For years, an age-old "social arrangement" between the two sexes has occurred in the city of Shenzhen: young girls, from all over the poor, rural parts of China came to the city, no doubt looking for work, while affluent (and married) businessmen stopped in the city looking for a quick bit of "R and R" whilst travelling about China. Suffice it to say, these two groups soon found common ground, which quickly developed an entire ernai (二奶) or mistress subculture in Shenzhen. More unusually – but not really all that surprising in hindsight –these ernai lived in a few concentrated communities all located near the Shenzhen-Hong Kong border.
Hongkongese businessmen mixing business with pleasure
Since the mid-eighties, many Hongkongese businessmen, white-collar workers and even truck drivers, who frequently travelled between Hong Kong and Mainland China have kept their own ernai in Shenzhen (later on, Taiwanese businessmen got into the ernai game too). For the businessmen, the residences near Luohu District's Wenjin Checkpoint (文锦渡口岸) were preferable, while for truck drivers, the residences near the Huanggang Checkpoint (皇岗口岸) were considered most convenient – after crossing the border, drivers could quickly pull off the road, visit their ernai, and get back on the road, all without being late for a single delivery. Witty locals took to referring to these communities as Shenzhen’s "Mistress Villages" (二奶村). Shenzhen’s ernai subculture became so prevalent that the rail line between Hong Kong and Guangdong became known as the "Concubine Express", and it is said that in Hong Kong, if one is so inclined, you can even purchase a guidebook that provides tips on where to find attractive potential mistresses in Shenzhen.
Life as an ernai: all play and no work?
According to a girl named "Adi", after arriving in Shenzhen from her hometown in rural Hubei Province, she quickly found work as an ernai, and was making 8,000 RMB per month right off the bat. Later on, as a more "experienced" ernai, she began making over 20,000 RMB per month. What does an ernai do to earn so much money? Well, apparently a typical day for Adi is as follows: she wakes up, dresses in something fashionable and expensive, gets a manicure at one of the city’s high-class nail salons, enjoys afternoon tea while playing Mah-Jong with some of the other ernai that live in her community, watches a DVD or chats online with friends at night, and then goes to bed in the apartment that is rented for her. Her actual job is quite simple: she keeps her Hongkongese boyfriend company four or five nights each month. She’s often given a new bag, shoes, cosmetics or other small gifts each time he visits as well. For a girl from rural Hubei Province who didn't even graduate from middle school, and has no professional skills to speak of, what could be wrong with living this kind of life?
Shenzhen fights back against its ernai notoriety
In the past, Shenzhen’s most well-known Mistress Villages were referred to as "the three sands and one water" – Shangsha Village (上沙村), Xiasha Village (下沙村), Shazui Village (沙嘴村) and Shuiwei Village (水围村) – and you couldn’t walk five steps without seeing some sleepy-looking young girl, still dressed in pyjamas and a bright yellow jacket, running down the street to buy some take-out food for her Hongkongese boyfriend who had just arrived in Shenzhen unannounced.
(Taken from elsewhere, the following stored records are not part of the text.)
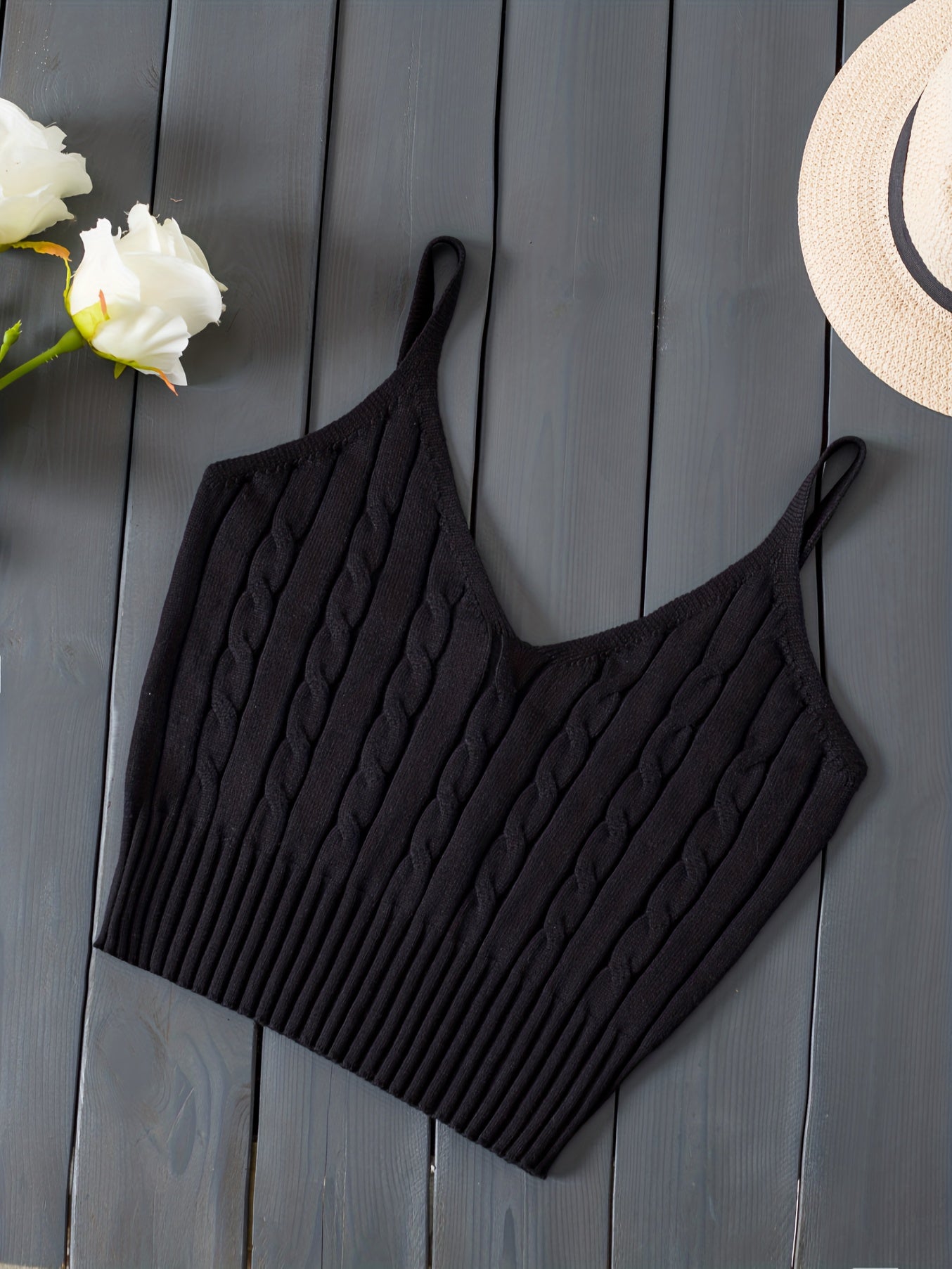 Effortless Cable Knit Tank for Women with V Neck Sleeveless Cropped Ribbed Casual Style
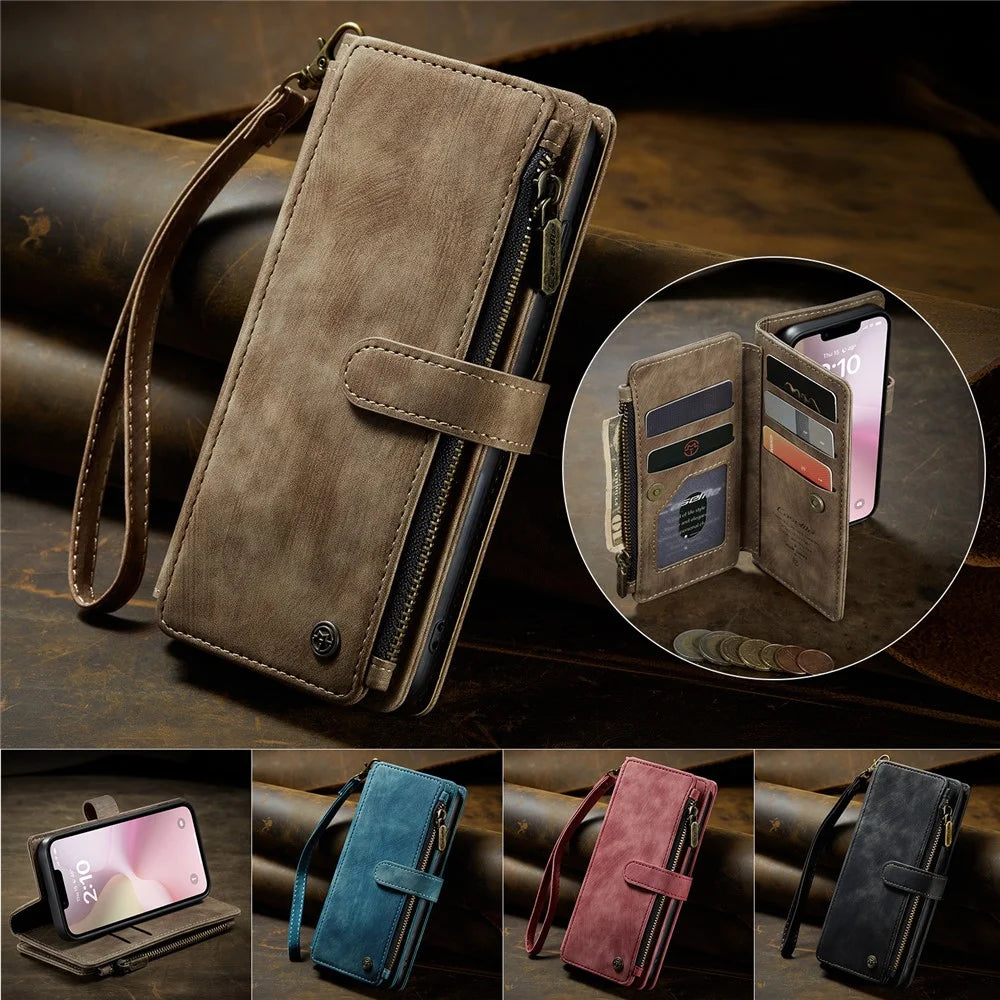 CASEME For iPhone 17e / 16e Phone Cases with Strap  C30 Zipper Multiple Card Holder PU Leather Cover - Brown - 7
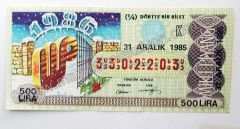 31 Aralık 1985 Dörtte bir bilet - Milli Piyango Bileti - Efemera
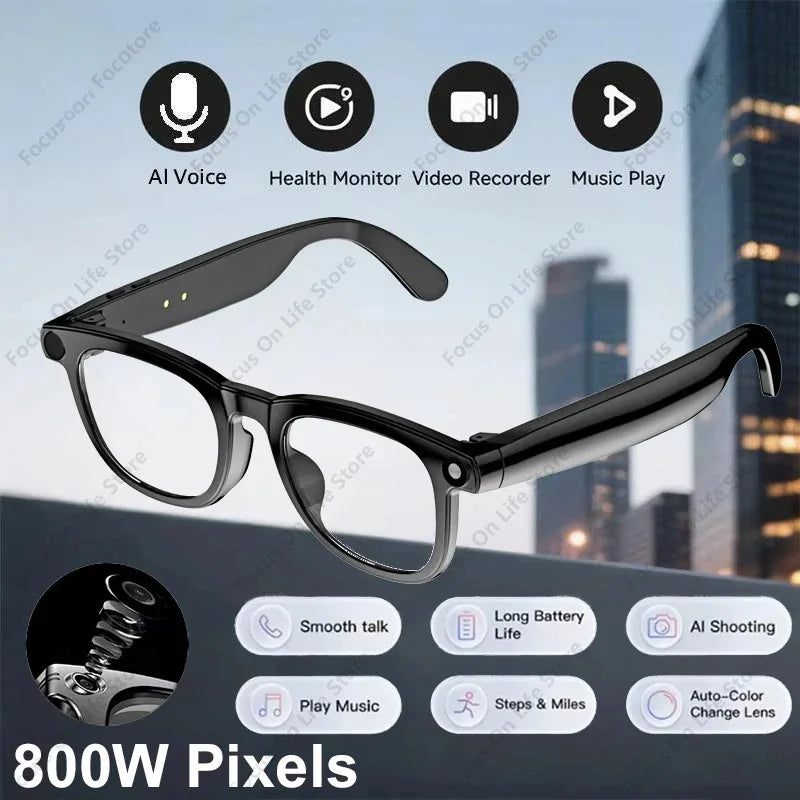 Okulary AI Smart 800W - Kamera HD, Tłumaczenie, Chat GPT, Wodoodporne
But as the city cracked down on prostitution, during a three-month campaign to "improve Shenzhen’s social order and to reform villages such as Shazui," many of these Mistress Villages were torn down, and the ernai relocated to different communities across the city. However, no such local reform could stop the supply and demand for something like ernai in Shenzhen, right?
Add emotions to the equation = a recipe for violence
Perhaps, local reforms are not necessary to alter the demand for ernai companionship in Shenzhen. Simply put, as China itself has changed from its rapid economic development, so too has the ernai trade. In the past, neither the Hongkongese businessmen nor the ernai were very emotionally attached to each other. The girls were not very emotionally attached to their boyfriends, as they saw the arrangement in terms of economic factors (men want sex, women want money).
However, in recent years, despite the economic crisis that set most of the world back a decade financially, China's economy has continued growing, and so too have the costs of keeping an ernai– rising tides lift all boats after all (水涨船高). Nowadays, with anything less than 20,000-30,000 RMB, it has become very difficult to find a girl willing to "keep an empty bedroom" (独守空闺) as an ernai, and the simplicity of the former economic factors has decreased, while at the same time, a new set of "emotional" factors has taken its place, and with it the ernai has been replaced by the xiaosan (小三) – somebody who is romantically involved with somebody already in a committed relationship – which has more or less the same connotation, but with an implied emotional depth. To deal with these new "rules to the game", many of the men (who can still afford it) try to use their money to keep the emotional demands of their ernai/xiaosan in check. But in some cases, not even money can solve these problems, and when arguments inevitably turn into demands to "leave your wife or I’ll tell her about us", nothing good can come of it. Violence often ensues, families (of cheating husbands) are broken, and it all ends in common ruins. It’s no small wonder that in recent years, Shenzhen has witnessed a spike in so-called "crimes of passion".